Description of the task => Where a picture appears in the data below, exclude it; restate everything else word for word.

The records =>
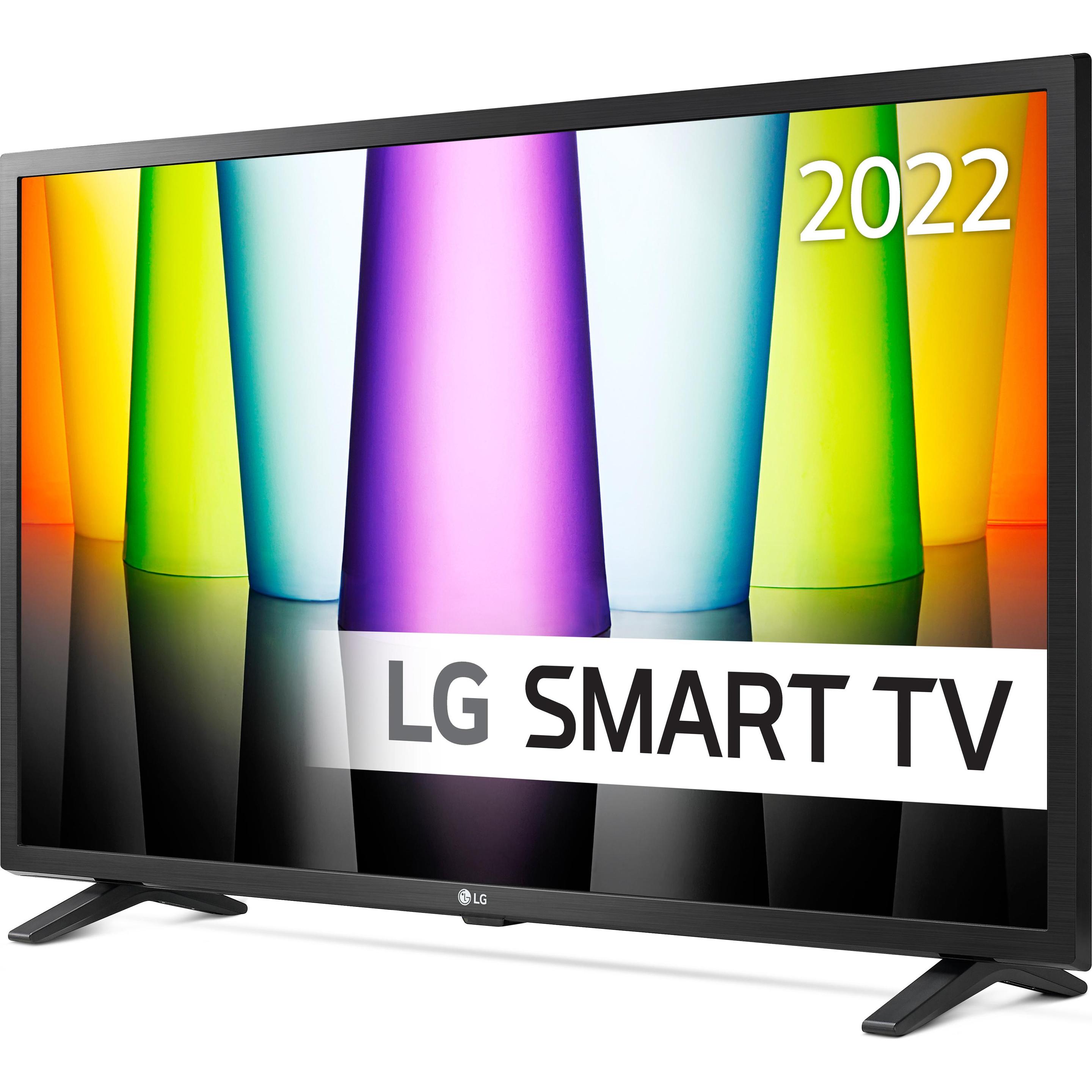LG 32LQ630B6LA (32", LQ63, LED, HD ready, 2022), TV, Schwarz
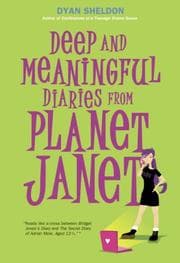Tapa de Deep and Meaningful Diaries from Planet Janet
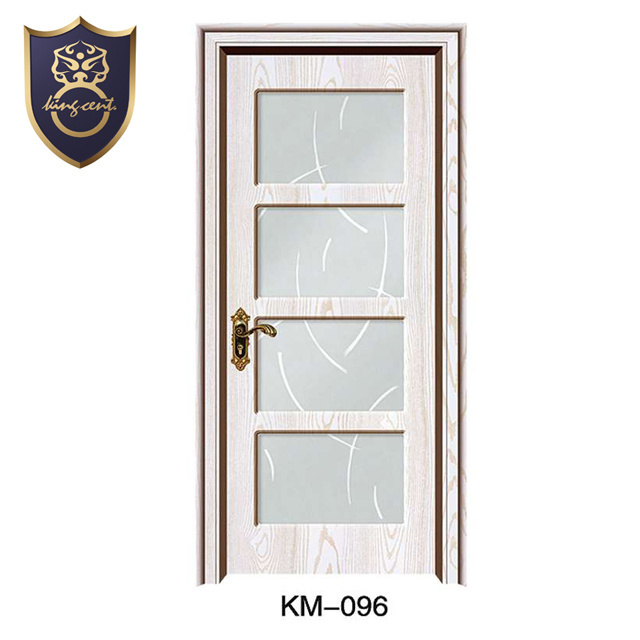 PVC Wooden Doors for Houses Interior Swing Wood Door Sets Waterproof Latest New Design Pictures Frame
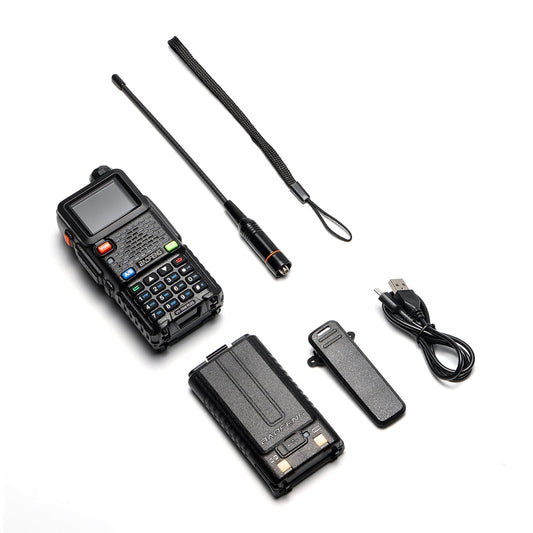 Baofeng UV-5RM Plus 10W Multi-Band Radio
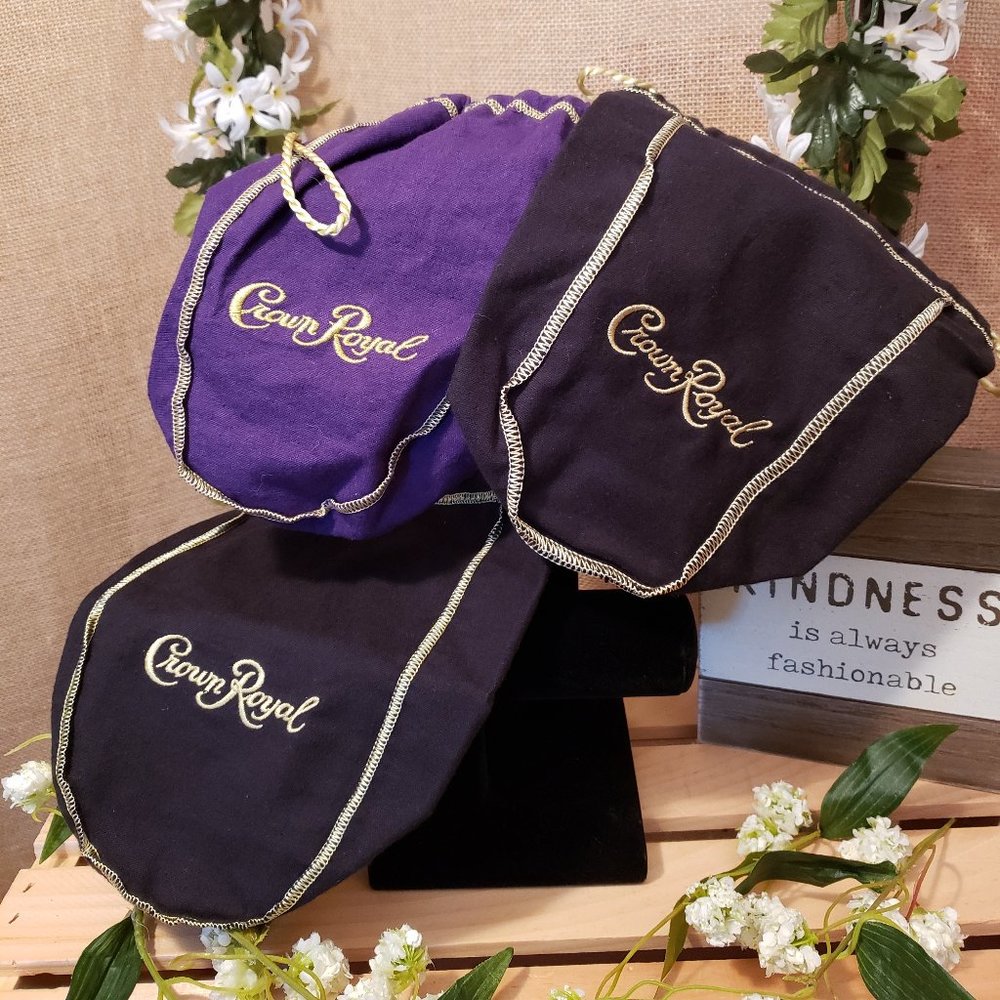 🥃Crown Royal Bags🥃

Your solution =>
LG 32LQ630B6LA (32", LQ63, LED, HD ready, 2022), TV, Schwarz
Tapa de Deep and Meaningful Diaries from Planet Janet
 PVC Wooden Doors for Houses Interior Swing Wood Door Sets Waterproof Latest New Design Pictures Frame
 Baofeng UV-5RM Plus 10W Multi-Band Radio
 🥃Crown Royal Bags🥃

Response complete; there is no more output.